What is an Early Bird Opening?

autism, useful articles, 2016, West Yorkshire, Tyne and Wear, England

What is an Early Bird Opening?

An Early Bird Opening is when a venue- typically an attraction, a museum or gallery- opens its doors early and encourages people to visit at a time that is typically quieter and more relaxed than the normal hustle and bustle of its opening hours. Generally, a venue opens an hour before its usual hours, and guests are invited to stay once the venue is open to the general public. Also known as autism friendly openings, these events tend to be tailored to children or young people with autism or additional support requirements, and encourage family, friends and carers to visit the venue too!

So, what are the elements of an Early Bird Opening?

• Rules tend to be relaxed, so let visitors access all areas and wander around as they like! Additional activities such as inclusive storytelling or workshops are sure to keep your visitors engaged throughout their experience.
• Extra staff are usually on hand to provide additional assistance where required, as well as to answer any questions visitors may have.
• Adjustments to the venue’s environment - such as adjusting the lighting so that it isn’t too bright or too dark, lowering music volume or turning it off completely - can be made to ensure the venue is autism friendly. Additionally, a quiet chill out space for visitors to make use of if needed is a great way to cater to all.
• If an early bird session doesn’t suit your venue, why not consider a night owl session? Extend your evening opening hours to give your visitors a chance to explore.
• Does your venue offer sensory backpacks or ear defenders? In case noise becomes too much, or a visitor becomes overwhelmed, these items may make a world of difference to the experiences of your visitors. Don’t forget to promote them by using signs and informing visitors upon their arrival – it helps guarantee that everyone has a fantastic time when they visit you!
• A visual story (more info on this below!) gives your venue the chance to engage visitors before they even arrive – you can also use it to further promote any adjustments you may have made to your venue!

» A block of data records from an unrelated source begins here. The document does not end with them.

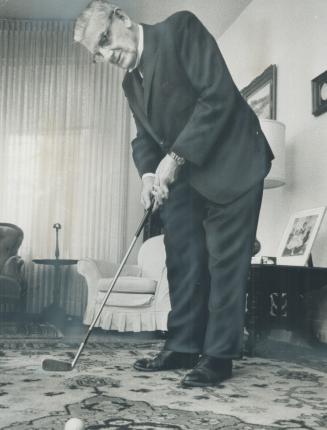 Senator Arthur Roebuck, getting ready to celebrate his 90th birthday tonight, still enjoys a game of golf and consistently breaks 90. He's not above s(...)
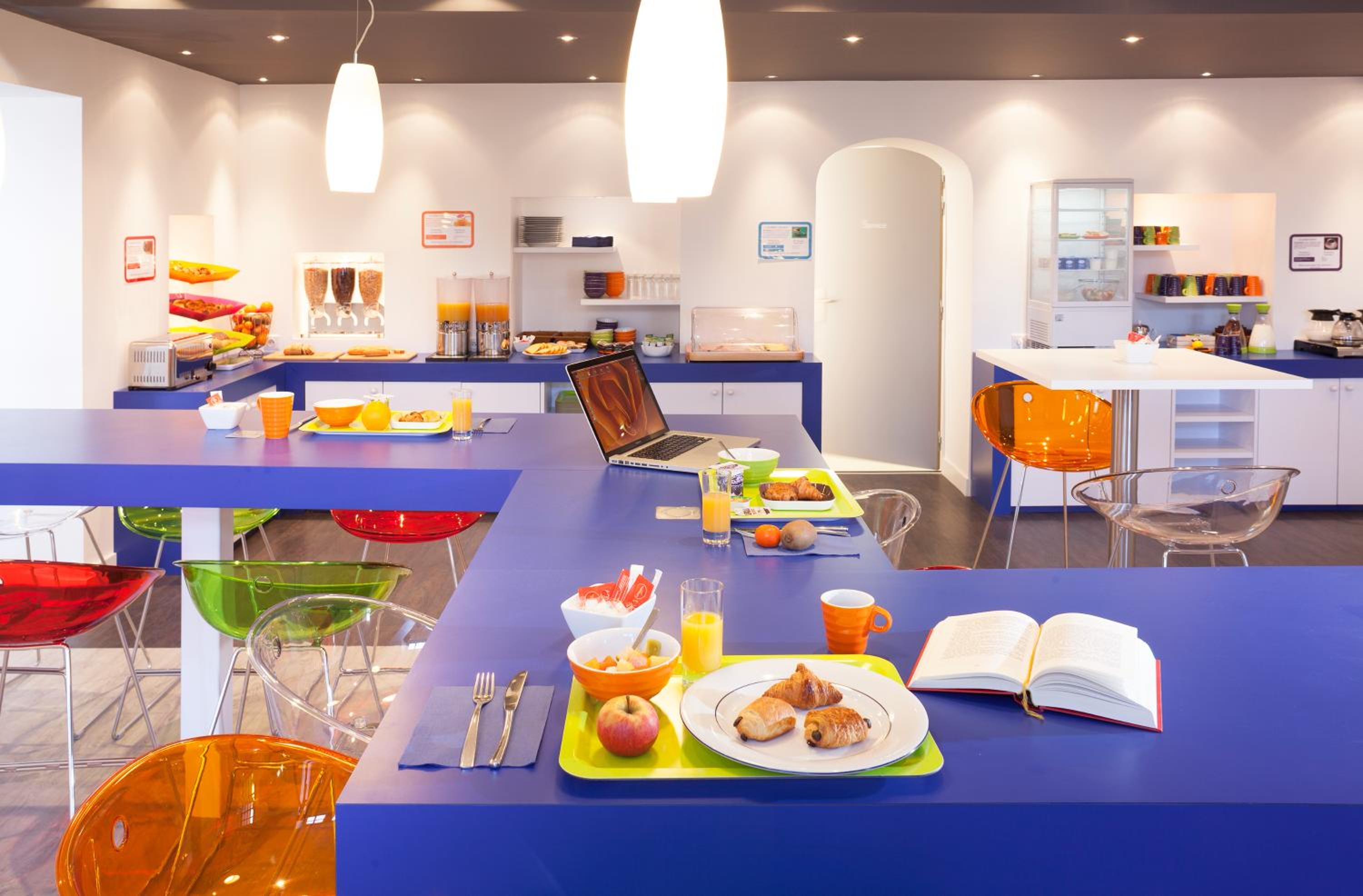Vannes Vacations - ibis Styles Vannes Gare Centre - Property Image 5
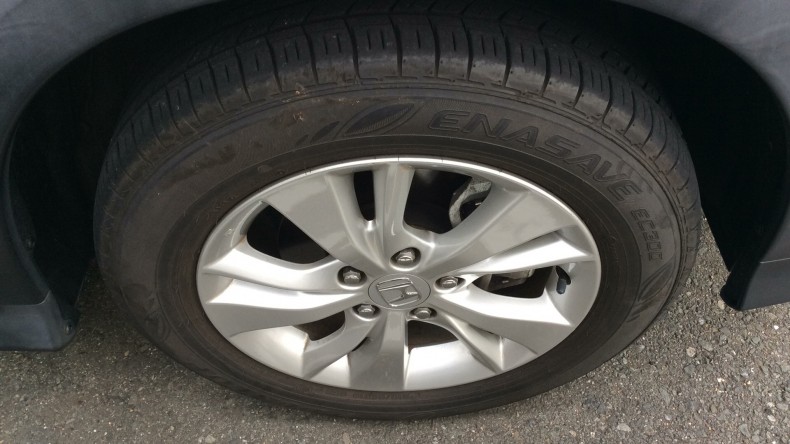 タイヤホイール前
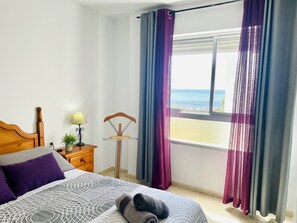 Free WiFi, bed sheets - Beach & Family by At Home Costa del Sol (Vélez Málaga)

How can you hold a successful Early Bird Opening? Here are some tips:

Advertise the event on Euan’s Guide
All events can be added to your listing on Euan’s Guide, the disabled access review website. Updating your ‘What’s On’ section with your planned event is a great way to reach a larger audience, and raise awareness of your event. It’s also an easy way to promote your venue’s accessibility, and encourage people who may not have visited you in the past to try something new! We can promote venues who have listed their events on Euan’s Guide on our social media channels – so don’t forget to keep your Euan’s Guide ‘What’s On’ up to date!

Limit the number of visitors
Limiting the number of visitors that can attend an early bird session is key to its success. If there are too many guests, the event might feel similar to your everyday offering. To avoid this, specify how many can attend and advise how people should book on your website. Another useful piece of information to list is the contact details of a staff member who is able to answer any questions potential visitors might have - avoiding generic telephone numbers or emails!

Promote your social or visual story
A visual story helps future visitors know what to expect when they visit you. Early Bird Openings are a great opportunity to promote visual stories – the additional information it provides lets visitors know what the plan is for the day, and helps them prepare to have a great time! If you’d like to find out more, both Eureka in Halifax and Seven Stories in Newcastle have fantastic visual stories on their websites. Furthermore, Seven Stories have just announced a regular Early Bird Opening slot – starting this Saturday, August 6th, and returning every first Saturday of the month thereafter!